[Records for this exercise]

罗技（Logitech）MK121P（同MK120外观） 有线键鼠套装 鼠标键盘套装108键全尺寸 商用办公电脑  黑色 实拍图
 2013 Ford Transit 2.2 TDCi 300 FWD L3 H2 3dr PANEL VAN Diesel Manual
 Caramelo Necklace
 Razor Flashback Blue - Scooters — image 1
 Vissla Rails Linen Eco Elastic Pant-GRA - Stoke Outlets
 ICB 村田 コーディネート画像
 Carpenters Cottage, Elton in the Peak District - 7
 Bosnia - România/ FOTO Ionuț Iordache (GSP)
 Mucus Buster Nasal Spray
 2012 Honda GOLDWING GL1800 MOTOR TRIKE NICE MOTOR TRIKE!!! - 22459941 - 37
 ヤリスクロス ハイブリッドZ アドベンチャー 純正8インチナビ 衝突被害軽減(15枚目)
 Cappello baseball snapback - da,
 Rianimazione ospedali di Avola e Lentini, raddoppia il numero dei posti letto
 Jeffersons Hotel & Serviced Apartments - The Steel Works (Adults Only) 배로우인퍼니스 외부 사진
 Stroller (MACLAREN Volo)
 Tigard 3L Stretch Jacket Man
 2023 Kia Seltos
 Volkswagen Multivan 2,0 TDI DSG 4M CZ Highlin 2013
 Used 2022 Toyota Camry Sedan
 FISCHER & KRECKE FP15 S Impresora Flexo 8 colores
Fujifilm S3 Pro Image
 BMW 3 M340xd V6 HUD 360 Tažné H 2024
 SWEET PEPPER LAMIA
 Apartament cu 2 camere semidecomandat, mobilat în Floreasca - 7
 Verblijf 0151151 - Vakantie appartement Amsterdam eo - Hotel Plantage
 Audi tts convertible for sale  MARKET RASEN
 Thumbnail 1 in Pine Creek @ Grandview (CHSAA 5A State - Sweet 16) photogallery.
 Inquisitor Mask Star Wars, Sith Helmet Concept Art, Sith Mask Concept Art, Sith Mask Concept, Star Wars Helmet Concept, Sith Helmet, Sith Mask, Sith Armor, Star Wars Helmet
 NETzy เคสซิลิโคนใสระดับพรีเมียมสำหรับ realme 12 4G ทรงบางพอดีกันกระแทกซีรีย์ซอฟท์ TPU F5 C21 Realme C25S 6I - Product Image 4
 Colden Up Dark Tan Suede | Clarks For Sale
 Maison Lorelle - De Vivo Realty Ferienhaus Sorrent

[/Records for this exercise]

=== Assignment ===
Above this instruction are the records; retype exactly the lines from the one containing "FISCHER & KRECKE" up to and including the one containing "Inquisitor Mask Star".

=== Response below ===
 FISCHER & KRECKE FP15 S Impresora Flexo 8 colores
Fujifilm S3 Pro Image
 BMW 3 M340xd V6 HUD 360 Tažné H 2024
 SWEET PEPPER LAMIA
 Apartament cu 2 camere semidecomandat, mobilat în Floreasca - 7
 Verblijf 0151151 - Vakantie appartement Amsterdam eo - Hotel Plantage
 Audi tts convertible for sale  MARKET RASEN
 Thumbnail 1 in Pine Creek @ Grandview (CHSAA 5A State - Sweet 16) photogallery.
 Inquisitor Mask Star Wars, Sith Helmet Concept Art, Sith Mask Concept Art, Sith Mask Concept, Star Wars Helmet Concept, Sith Helmet, Sith Mask, Sith Armor, Star Wars Helmet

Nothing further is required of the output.